NEW YORK -- Andy Roddick is split when it comes to the growing controversy about whether Maria Sharapova, who will return next month from a 15-month doping suspension, should be awarded a wild card into the French Open.
"It's two different issues -- the issue of morality and how you view it, and the issue of business," Roddick, the last American men's Grand Slam champion, told ESPN.com in advance of his appearance Monday at the BNP Paribas Showdown exhibition in New York's Madison Square Garden. "If there's a smaller event that will benefit from having Maria, I don't begrudge them giving her the card. The Grand Slams are different. They're held to a higher standard because there's so much interest in them."
It's a unique situation. Other players suspended for doping violations have sought to rebuild their careers, but none with the résumé -- or celebrity -- of five-time Grand Slam champion and former No. 1 Sharapova.
Roddick was responding to comments made recently by Andy Murray and by the president of the French Tennis Federation, Bernard Giudicelli.
"I think you should really have to work your way back," Murray said last week, referring to Sharapova's return. The Russian star is 29, and she'll be unranked when her ban expires on April 26. She has already been offered wild cards into three events, including one that will already be underway the day her suspension ends.

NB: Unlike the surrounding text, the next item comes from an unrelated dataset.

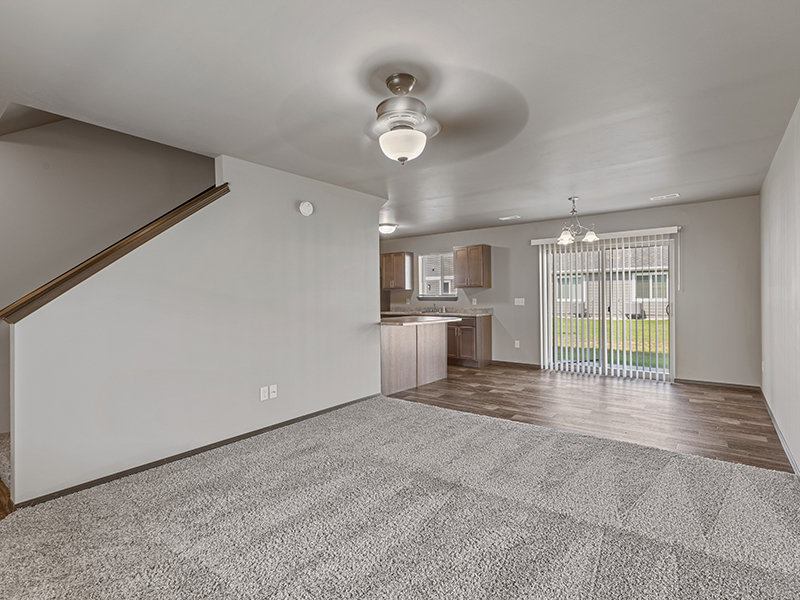 Living and Dining Area | 41st Street Commons in Sioux Falls, SD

The Stuttgart tournament, which starts the week of April 24, will delay the completion of first-round matches in order to squeeze Sharapova in on the day she becomes eligible to play. French Open tuneup tournaments in Madrid and Rome have also already offered Sharapova wild cards. But even if she runs the table at those events, Sharapova will not have earned enough points to be a direct entry into the French Open.
Although Sharapova is a two-time French Open champion, Giudicelli expressed reservations about offering her a wild card.
"It's complicated." Giudicelli said, according to Agence France-Presse. "Integrity is one of our strong points. We cannot decide, on the one hand, to increase the amount of funds we dedicate to the anti-doping battle and, on the other, invite her."
"I'm anti-anything that's performance-enhancing, massively against it. I'm not the one to say what [violators] should -- or shouldn't -- get afterwards, but it doesn't make sense to support people who cheat."Nick Kyrgios
Said Roddick: "If the French Federation doesn't want to give her the wild card, that's their prerogative. The higher level of interest in that event also means a higher level of responsibility. But it's naive to pretend that their situation isn't different from that of a small tournament that can really benefit from Sharapova's presence."
Other active players on hand for the exhibition had varied opinions.
"I'm anti-anything that's performance-enhancing, massively against it," Nick Kyrgios said. "I'm not the one to say what [violators] should -- or shouldn't -- get afterwards, but it doesn't make sense to support people who cheat."
American Jack Sock, who won the Delray Beach Open a couple of weeks ago, didn't have a strong opinion.
"I haven't thought about it, to be honest," Sock said. "I don't know. It's a tournament director's decision who gets [wild cards]. As a player, I have no say one way or another."
Wimbledon, where Sharapova hoisted the winner's trophy in 2004, might face the same dilemma as the French Open.
"If she [isn't successful], that becomes Wimbledon's decision and how they want to play that," Murray said. "I'm sure they'll think long and hard about it, and how they feel people will view it, and then make the right decision for them."
Murray wouldn't hazard a guess at what that decision might be. Look for a precedent to be set one way or the other by the French Open.